Where Differences Live
In the end, my controversial take boils down to a disappointingly mundane mathematical fact. If I prefer to read authors who have passed on—which I very much do, for the reasons listed above—then I’d have to bend over backwards not to read primarily white men. My tastes are not the problem; the cultural pressure to qualify them is.
I don’t deny that a woman from Saudi Arabia has a different perspective than I; I deny that my neighbor down the street has the same. “I have found that no exertion of the legs can bring two minds closer together,” Thoreau says, and at times I would almost say the same of shared experience.
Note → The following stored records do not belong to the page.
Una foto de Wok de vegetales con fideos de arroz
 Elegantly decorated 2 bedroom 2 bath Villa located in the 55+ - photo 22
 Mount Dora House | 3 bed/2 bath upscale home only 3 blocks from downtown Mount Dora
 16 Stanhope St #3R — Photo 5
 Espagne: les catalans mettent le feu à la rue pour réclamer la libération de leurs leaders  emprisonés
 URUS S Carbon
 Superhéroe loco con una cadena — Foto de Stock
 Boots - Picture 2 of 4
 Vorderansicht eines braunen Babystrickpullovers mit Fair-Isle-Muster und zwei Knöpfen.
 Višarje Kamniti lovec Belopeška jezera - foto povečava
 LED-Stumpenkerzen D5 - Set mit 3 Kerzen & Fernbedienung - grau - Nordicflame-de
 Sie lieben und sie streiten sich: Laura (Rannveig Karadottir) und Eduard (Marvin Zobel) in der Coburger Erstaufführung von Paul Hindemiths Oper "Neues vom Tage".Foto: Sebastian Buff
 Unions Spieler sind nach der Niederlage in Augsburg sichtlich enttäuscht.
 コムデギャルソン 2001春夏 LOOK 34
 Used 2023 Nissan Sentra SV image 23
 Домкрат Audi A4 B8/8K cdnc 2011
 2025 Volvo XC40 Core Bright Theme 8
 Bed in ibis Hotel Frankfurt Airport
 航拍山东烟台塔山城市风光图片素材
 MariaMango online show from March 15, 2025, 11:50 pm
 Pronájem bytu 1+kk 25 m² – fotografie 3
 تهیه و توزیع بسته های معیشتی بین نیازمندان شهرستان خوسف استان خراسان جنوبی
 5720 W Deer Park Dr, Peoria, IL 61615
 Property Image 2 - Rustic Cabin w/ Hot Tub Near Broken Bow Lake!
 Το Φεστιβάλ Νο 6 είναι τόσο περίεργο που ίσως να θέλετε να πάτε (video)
Diversity of thought, impression, sensibility, style, pathos—that is what I care about, not what language an author spoke, what form of writing they specialized in, or what color skin they had. I daresay it would be insulting for me to prioritize the latter over the former—to insist that Montaigne was a great essayist and not simply a great writer.
Ultimately, I care about what good writers care about. Good writing is the ability to make me care. If a writer cares deeply about one of the small bundle of attributes identity politics has elevated—if they want to tell me about their experience as one of those descriptors—then I’m all ears. I am not denying that such things matter, but what I won’t do is tell the author what distinguishes them before they tell me. After all, identity politics is a farce not because it misidentifies a few sources of human difference, but because it insists that those are the only—or the most important—ones.
So, I read mostly dead white men because I like reading dead authors, and most of them are (or were) white men. As yet another dead white man said—of a very different sort, this one—“So it goes.”
I’m only half joking. My beloved Thoreau and Chekhov died at 44 of tuberculosis. My sweet Kafka died at 40 of tuberculosis. My dearest Fitzgerald died at 44, but of a heart attack. And D.H. Lawrence, with whom my relationship is still budding, died at 44 of tuberculosis.
This brings me to an interesting side point. I’ve always had strong feelings about the ratio of work required to write a piece versus the work required to read it. It seemed to me the ratio should be at least 10:1—otherwise readers have no chance of chipping away at the endless material continually being produced. The imbalance in overall output is now permanent, of course, but if the ratio is maintained, we readers have one consolation, at least: if we like an author, we can plausibly read their complete works in a few years of dedicated effort.